A pop-up window appears showing the detailed results in the sections explained below:

**Input:**This section shows the input function written in the**mathematical equation**. You can**verify**the equation by matching your entered function with the input interpreted by the calculator and edit accordingly.**Geometric Figure:**This section shows the type of function and its geometric name. Based on its geometric shape, it also shows its properties such as y-intercept, gradient, directrix, focus, vertex, curvature, etc. You can enable the properties by clicking on the “**Show Properties**” button on the top right-hand of the section.**Plots:**Here, the graph is drawn for the functions on the**cartesian plane**. The linear line plots will have only one plot with a specific range of x-values. Furthermore, the conics are**plotted twice**, with one showing the**zoomed-in**section and the other showing the**overall trend**of the graph at a wider range of x-values.

## Solved Examples

### Example 1

Suppose a **quadratic equation**:

\[ y = x^2 + 5x + 10 \]

Find the** type of conic** which the functions represent, and calculate its **respective properties**.

### Solution

As we know, this type of quadratic equation is usually considered a **parabola**, which can be converted into the **standard parabola form**:

\[ y = a(x\,–\, h)^2 + k \]

Firstly, we convert the quadratic function into the** standard vertex form** of a parabola equation. By completing the square:

\[ y = x^2 + 2(1)\left(\frac{5}{2}x\right) + \frac{25}{4} + 10 – \frac{25}{4}\]

\[ y = \left( x + \frac{5}{2} \right)^2 + \frac{15}{4} \]

After converting to the standard form, we can find the properties of the parabola by simply comparing it to the **standard form equation**:

\[ \Rightarrow a > 0 = 1, h= -\frac{5}{2}, k = \frac{15}{4} \]

\[ \text{vertex} = (h,\, k) = \left(-\frac{5}{2},\, \frac{15}{4}\right) \]

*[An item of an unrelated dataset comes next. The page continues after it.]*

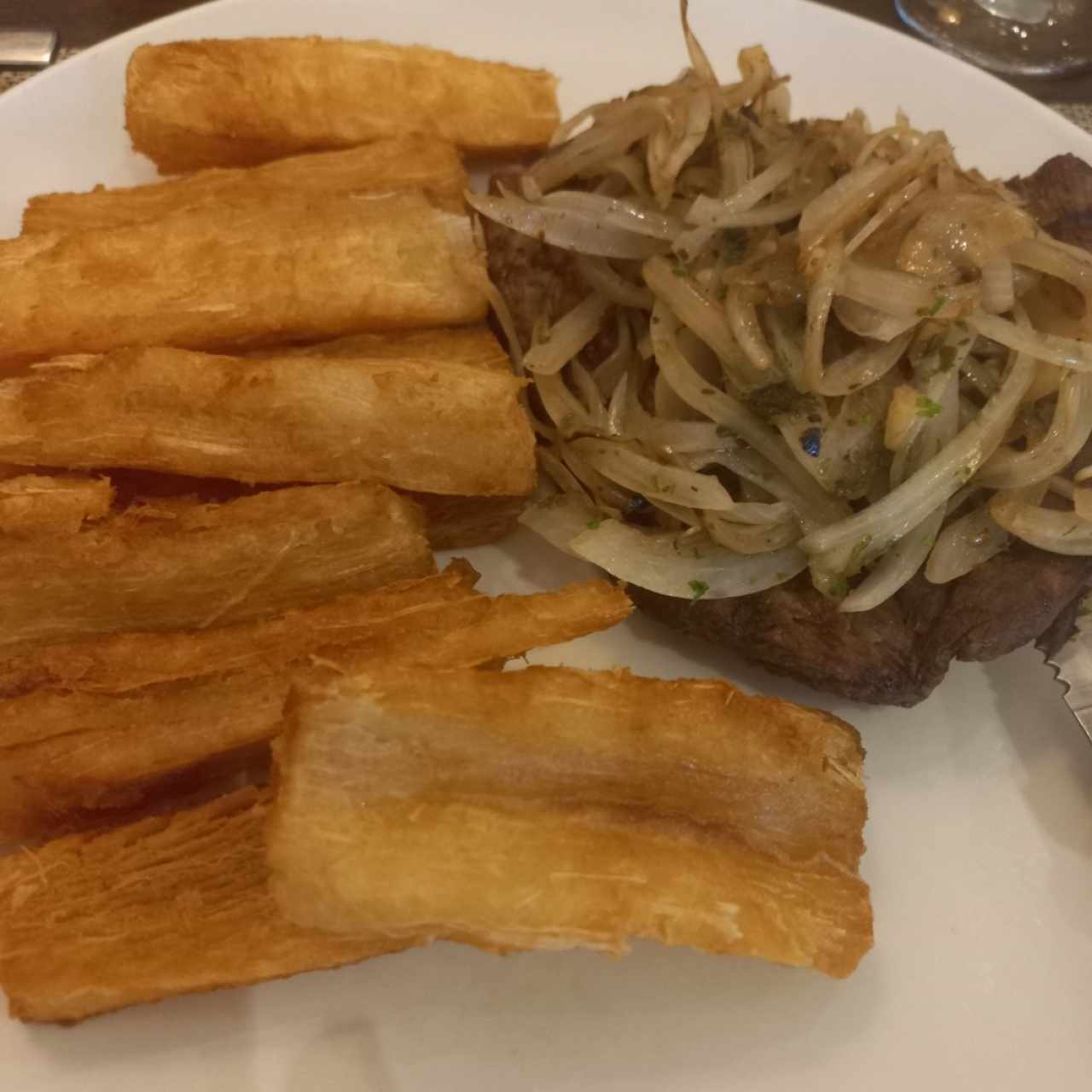 Filete encebollado con yuca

The **Axis of Symmetry** is parallel to the y-axis, and the parabola opens upwards as a > 0. Thus the semi-axis/focal length is found by:

\[ f = \frac{1}{4a} = \frac{1}{4} \]

\[ \text{Focus :} \,\, \left(\frac{5}{2},\, \frac{15}{4} + f\right) = \left(\mathbf{\frac{5}{2},\, 4}\right) \]

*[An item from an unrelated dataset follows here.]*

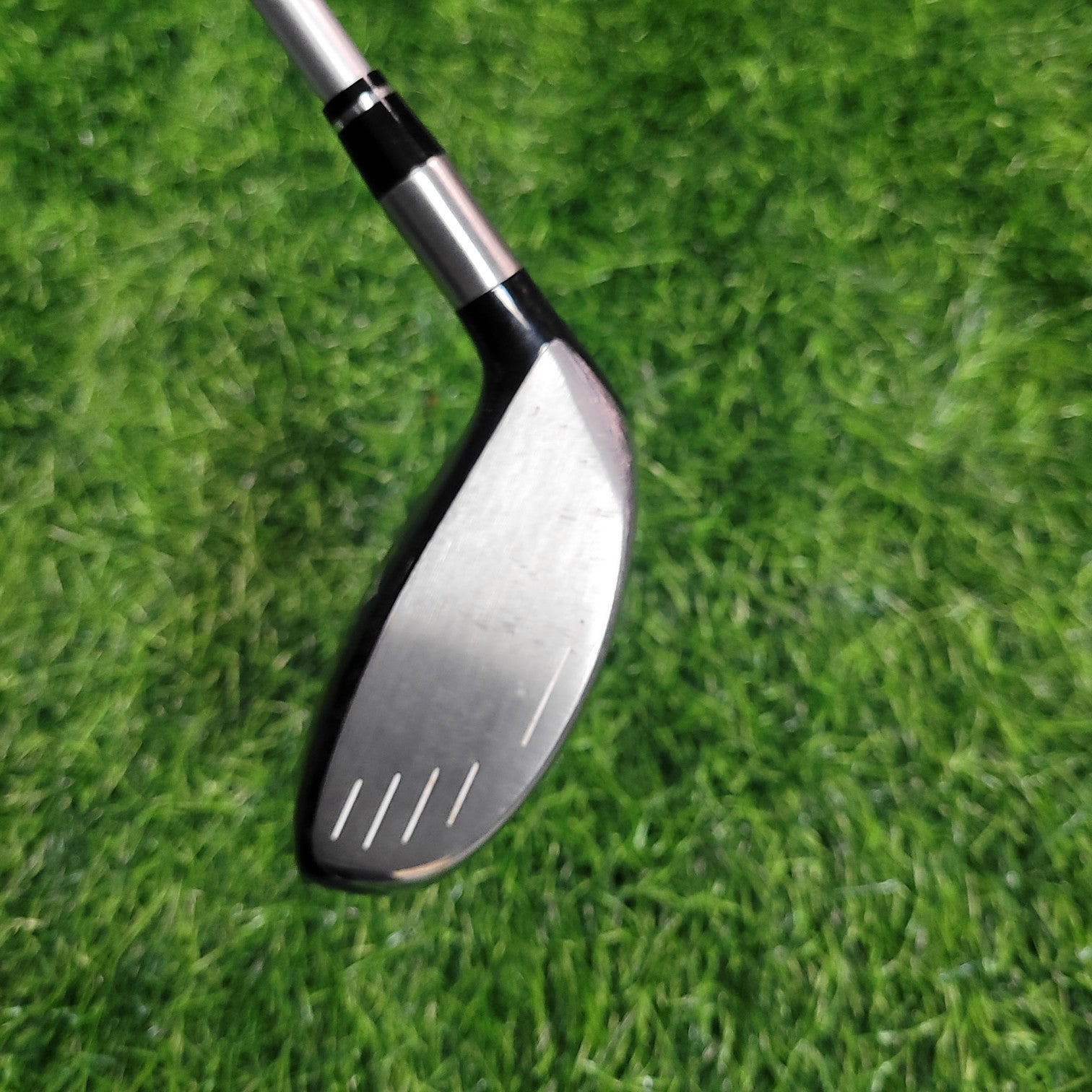 Honma Hybrid / Be ZEAL 525 / 22° / R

The **directrix** is **perpendicular** to the Axis of Symmetry and hence a horizontal line:

\[ \text{Directrix :} \,\, y = -\frac{15}{4}-f = \mathbf{\frac{7}{2}} \]

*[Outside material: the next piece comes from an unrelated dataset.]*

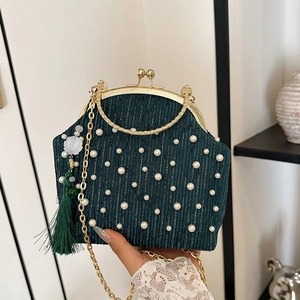 Sac à main élégant vert émeraude avec perles, fermoir baiser doré et pompon chic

The length of the** semi-latus rectum** equals the focal parameter:

\[ \text{Focal Parameter :} \,\, p = 2f = \mathbf{\frac{1}{2}} \]

### Example 2

Consider a **linear line** with the equation:

\[ y = 4x + 7 \]\

Find the **properties** of the line expressed by this function.

### Solution

A linear line equation is governed by the **general linear equation**:

\[ y = mx + c \]

Where **y** is the **y-coordinate**, **x** is the **x-coordinate**, **m** is the **gradient/slope** of the line, and **c **is the **y-intercept**, which is the y-coordinate at which the line **intersects** the** y-axis.**

Comparing the equation given with the general line equation, we can write the **properties** of the line as:

\[\text{y-intercept = c = } 7 \]

For the **x-intercept**, we find the value of x-coordinate when $y = 0$. Hence:

\[ 0 = 4x + 7 \]

\[ -4x = 7 \]

\[ \mathbf{x = -\frac{7}{4}} \]

The **gradient** for this is expressed as **m**, which is:

\[ \text{Gradient = m = } 4 \]

To find the **Normal Vector** of this line, we need to write the above equation in the form of $ax + by = 0$

\[ y = 4x + 7 \]

\[ -4x + x = 7 \]

Neglecting the constant value, we can take the** coefficients**, a and b, of the x and y variables as the normal coordinates (-4, 1). Now we will divide both the coordinates with the** magnitude** of the point that is described as:

\[ \text{Magnitude = } \sqrt{x^2 + y^2}\]

\[ \text{Magnitude = } \sqrt{(-4)^2 + 1^2}\]

\[ \text{Magnitude = } \sqrt{17} \]

Thus, the normal vector coordinates are $\left(-\frac{4}{\sqrt{17}}, \frac{1}{\sqrt{17}}\right)$. They are approximated in the** decimal form** as (-0.970, 0.242).

The above line is a **linear equation**. Hence, its **curvature** is equal to zero.